El sueño es un arma cargada de presente

El sueño del celta es en muchos sentidos una biografía de la utopía decimonónica enfrentada al mal perpetuo que se ensanchó hasta explotar durante el siglo XX. Roger Casement fue un nacionalista, un anticolonialista, un político, es decir, siempre un revolucionario y, ante todo, un idealista. Proteico aventurero, sus expediciones a las entrañas de las regiones caucheras en el Congo y el Putumayo pueden verse, no sin obviedad, como viajes infernales hacia las entrañas de sí mismo. No sólo descubrió, en ellos, que el mal es perenne y omnipresente, sino también que el colonialismo era una peste que le concernía de nacimiento.
La novela biográfica y, en este caso, histórica, goza de buena salud en nuestra literatura. Mario Vargas Llosa, sin embargo, decidió novelar la vida de un patriota irlandés antes que la de un héroe latinoamericano. Sería muy fácil venir a decir aquí que nuestro continente nunca ha arrojado un sólo héroe sobre la faz de la tierra. Prefiero señalar que la elección del nobel peruano no peca de cosmopolitismo; al contrario, el destino de Casement parece incumbirle más que a ningún otro, no sólo porque, como el protagonista de su novela, Vargas Llosa sea un hombre universal, o, porque, además, en sus respectivas juventudes hayan albergado ideales semejantes que se hiceron pedazos frente al monolito inquebrantable del poder. Casement y Vargas Llosa no se parecen solamente porque es natural. Sus figuras contrapuestas encierran una paradoja: mientras uno ha recibido honores en vida por dedicarla a la ficción, el otro fue condenado a la horca por atreverse a imaginar su propia libertad, no sólo política sino también sexual. Roger Casement no murió a causa de sus simpatías nacionales, murió porque la opinión pública no soportó que su imaginación erótica fuera tan escandalosa.
Mario Vargas Llosa ha sido maldecido con el Nobel. Como Casement, como toda esa progenie de magníficos que han pisado la tierra, Vargas Llosa ha cometido el delito de irse por la libre e imaginar el mundo por su propia cuenta.
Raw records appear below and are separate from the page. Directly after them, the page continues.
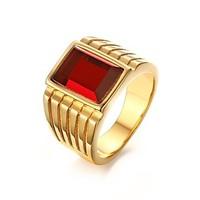 Men\'s Band Rings High-quality Rhinestone Stainless Steel High Polished IP Gold Plating (Golden)(1Pc)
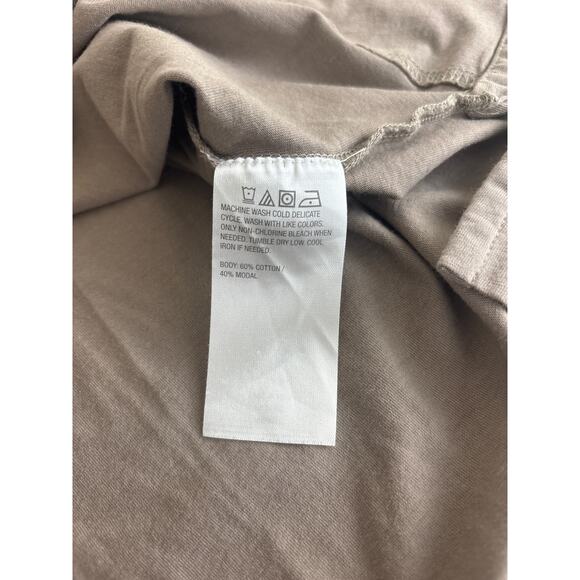 Logo by Lori Goldstein Taupe Short Cuffed Sleeve T-shirt Modal Blend Size XL - Picture 4 of 4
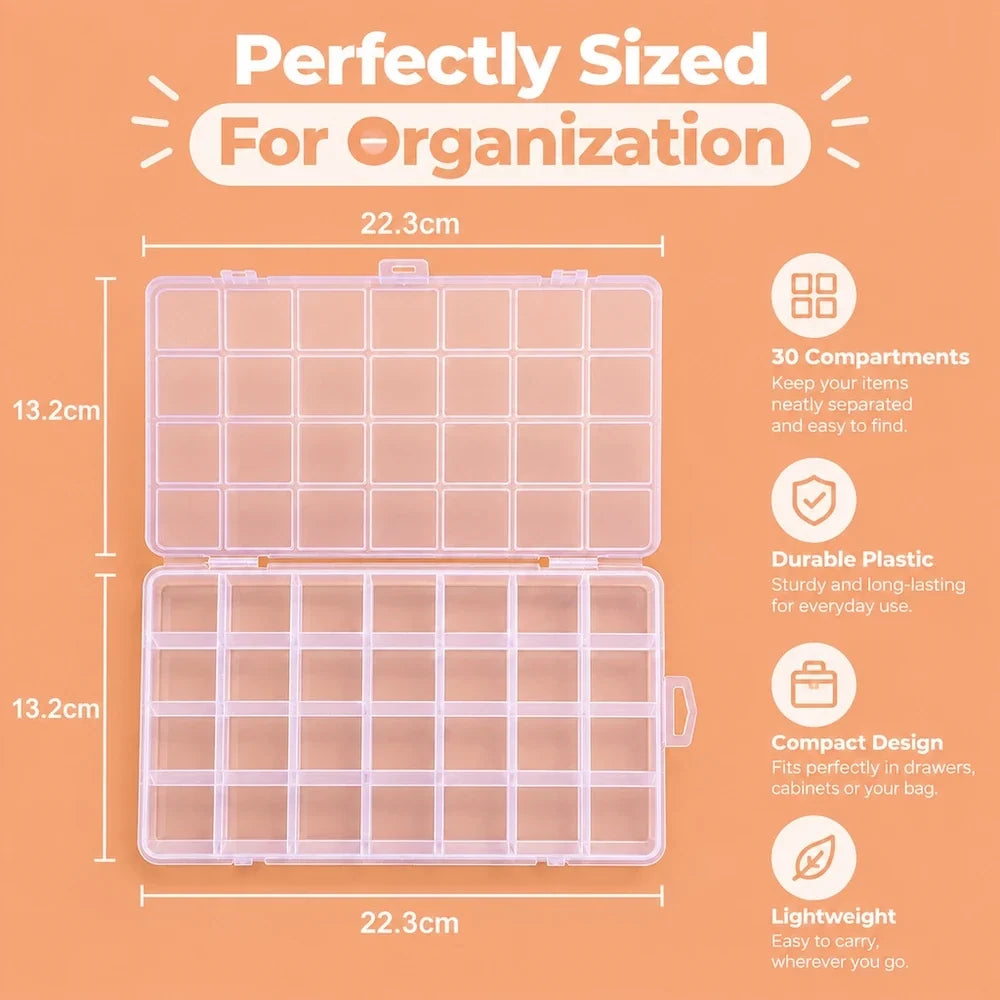 28-Cell Clear Plastic Storage Box with Dividers for Beads & Crafts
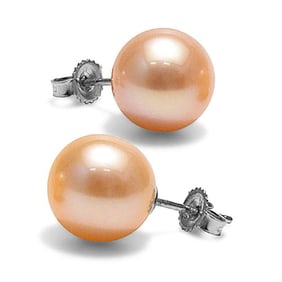 Pink Freshwater Pearl Earrings, 9.5-10.0mm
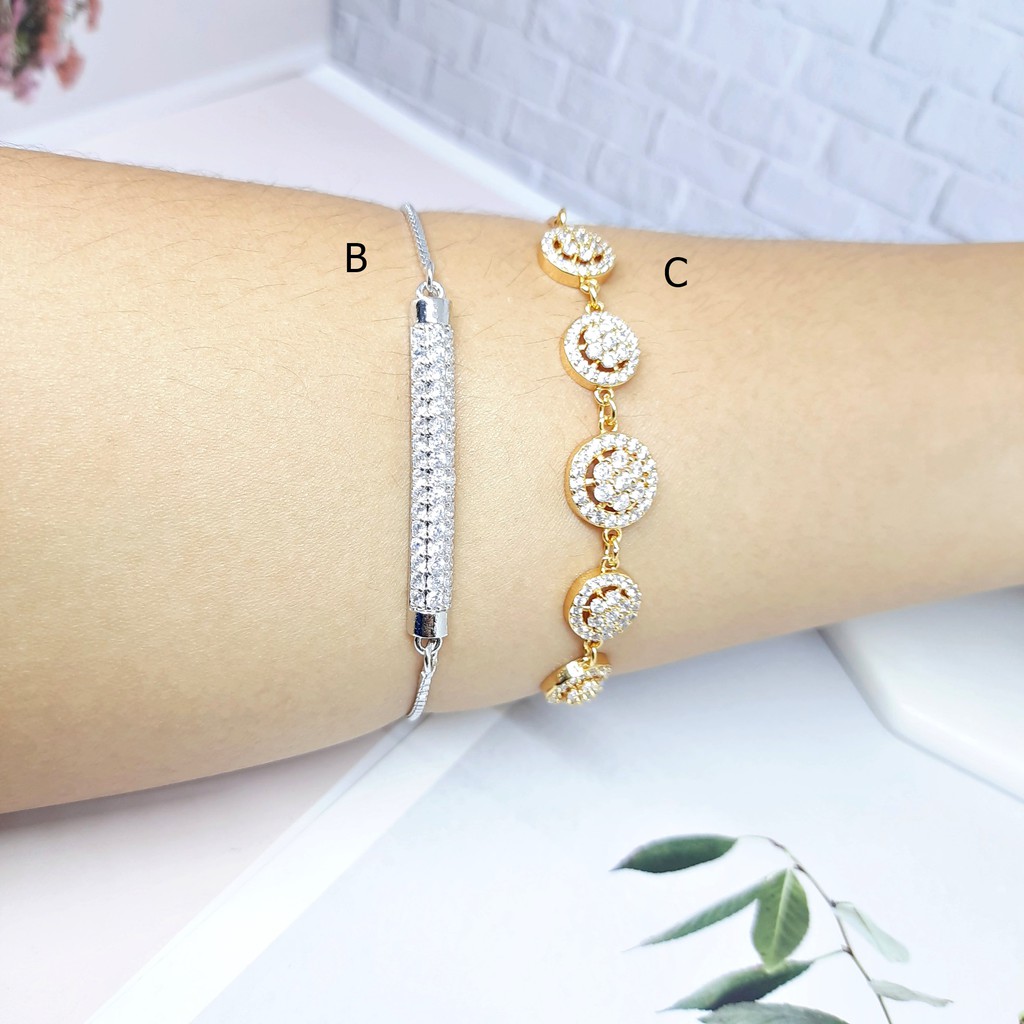 Gelang Serut Rhodium Xuping Premium Anak Perhiasan Lapis Emas Asli - BB462
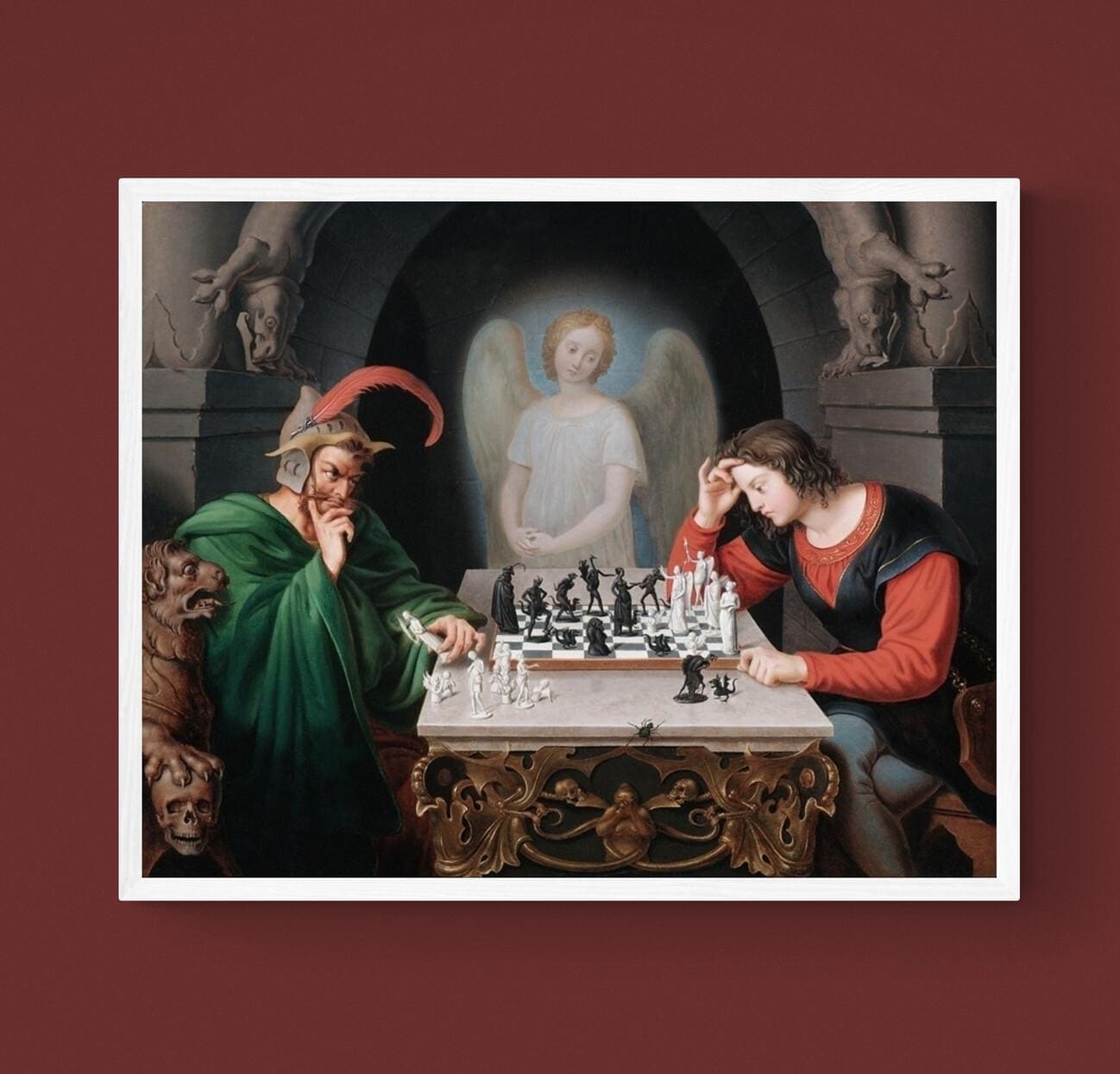 Checkmate painting by Moritz Retzsch (1831), Floating Frame and Brush Strokes FOSHE ART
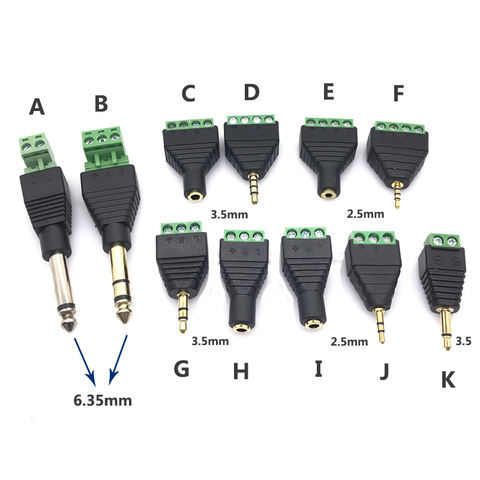 1 Uds 3,5mm conector jack de 6,35mm adaptador estéreo de 3,5mm de audio de 2,5mm mono canal macho a terminal de tornillo de audio mono canal macho ► Foto 1/6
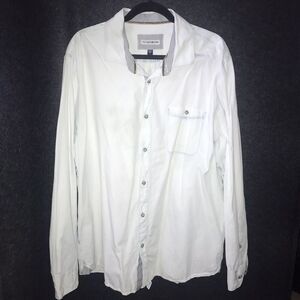 32 Bar Blues Shirt XL Blue White‎ Light Wash Long Sleeve Button Up Cotton Denim*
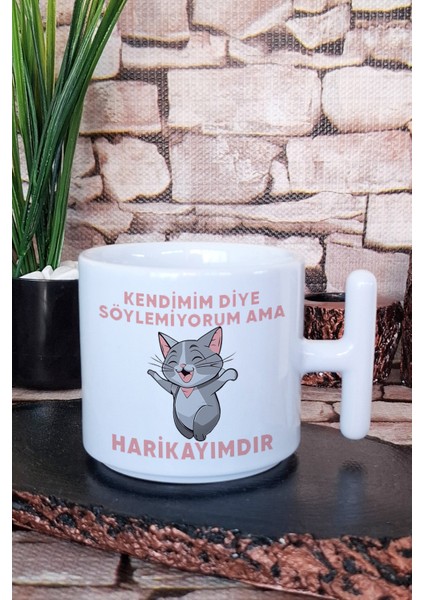 Kendimim Diye Söylemiyorum Ama Harikayımdır Eğlenceli Baskılı T Kulplu Latte Fincanı Kupa Bardak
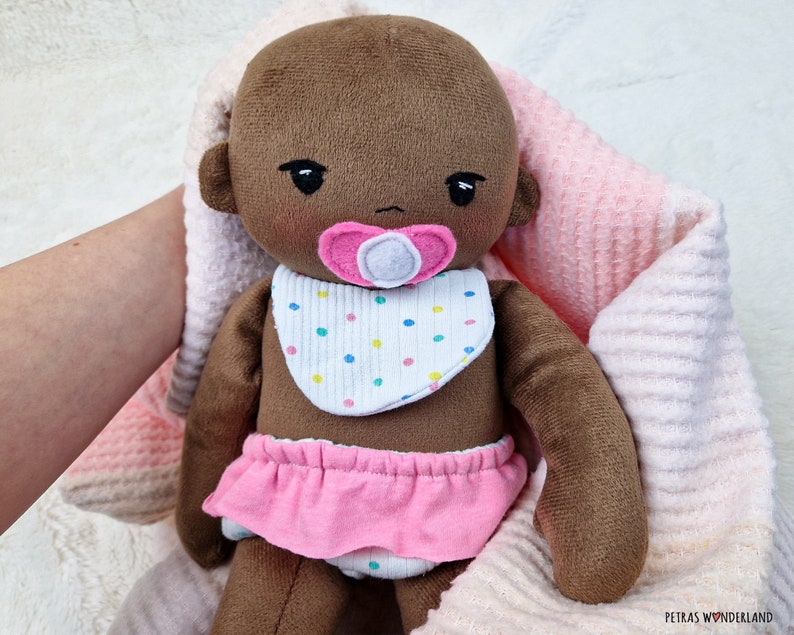 PDF Baby Doll Sewing Pattern, Step by step Tutorial and Video on how to make a 15 Soft Doll with Diaper Cover, Magnet Pacifier and Bib image 6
Es mentira que se haya convertido en un blandengue. Eso se piensa ahora porque, repito, lo maldijeron con el Nobel. Imaginarlo gastando el millón de dólares me parece inmoral frente a su literatura, que merece algo más que las comodidades a las que podría hacerse acreedor. Hombres como los que se involucran en esta novela, muy decimonónica, muy intemporal, merecerían mucho más que diatribas oportunistas. Novelas como las que se gasta Vargas Llosa deberían instarnos a, por fin, y de una vez por todas, tomar partido, partido hasta mancharnos.